Of particular note is the cryptofuzz project, which fuzzes the above (and more) cryptographic libraries as part of OSS-Fuzz.

Evaluation#

The tools presented here are evaluated and categorized based on several characteristics.

The first and most significant criterion is the general approach the tool takes and whether it is dynamic or static, e.g., whether it runs the target or not. Dynamic tools usually instrument the target in some way, observe its runs with varying inputs and then evaluate whether differences in runs leak via an observable timing side-channel. Static tools, on the other hand, usually use formal techniques from static analysis and verification of programs to analyze the target and conclude whether it is constant time, with regards to some leakage model.

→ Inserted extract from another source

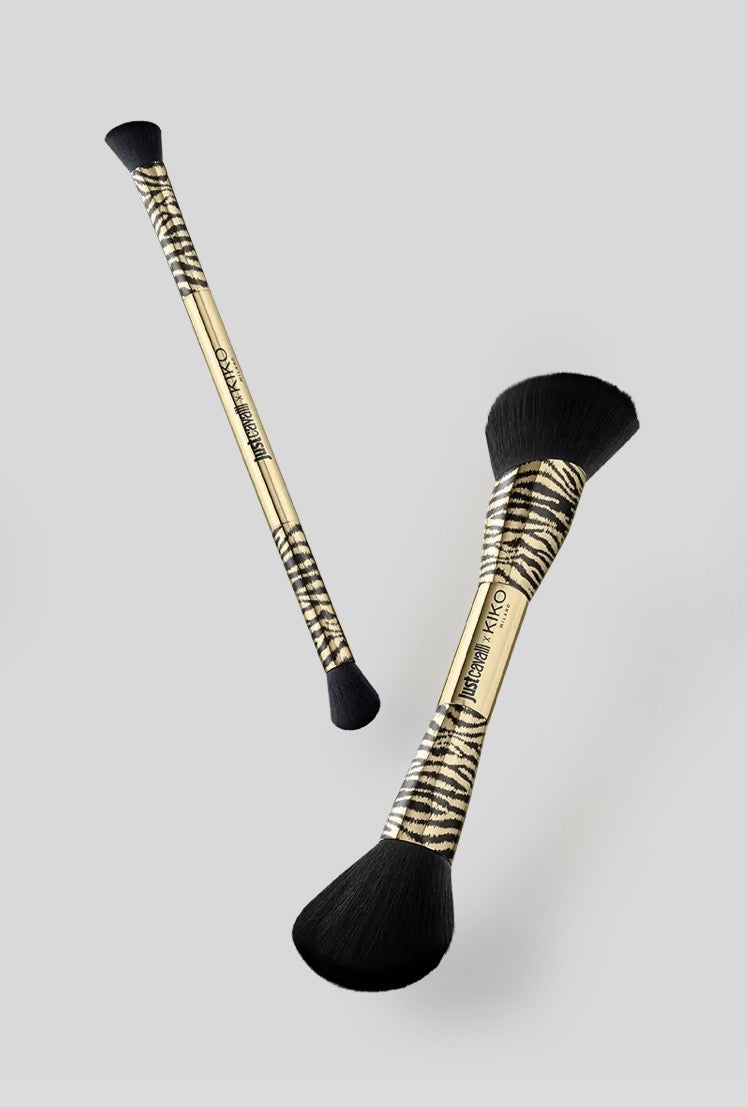 KIKO MILANO, Just Cavalli X Kiko Milano My Secret Desire Brush Set Set with beauty pouch and two brushes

A second significant criterion that differentiates many of the tools is the input level at which they work. Several tools work on the source code level, most with the C language, some with a custom domain-specific language. Other tools choose to work on a lower level, often in LLVM Intermediate Representation (IR), an assembly-like language in Static Single Assignment (SSA) form used in the LLVM toolchain but also in many open-source program analysis tools. As all of the mentioned input levels are above the assembly/binary level, they are exposed to a level of risk that a compiler will somehow introduce timing leakage, which will not be caught. This risk is entirely realistic, as general-purpose compilers do not offer side-channel resistance and have no obligation to keep the code leakage free. Finally, some tools work directly with compiled binaries and thus provide the highest guarantees that a compiler will not introduce leakage.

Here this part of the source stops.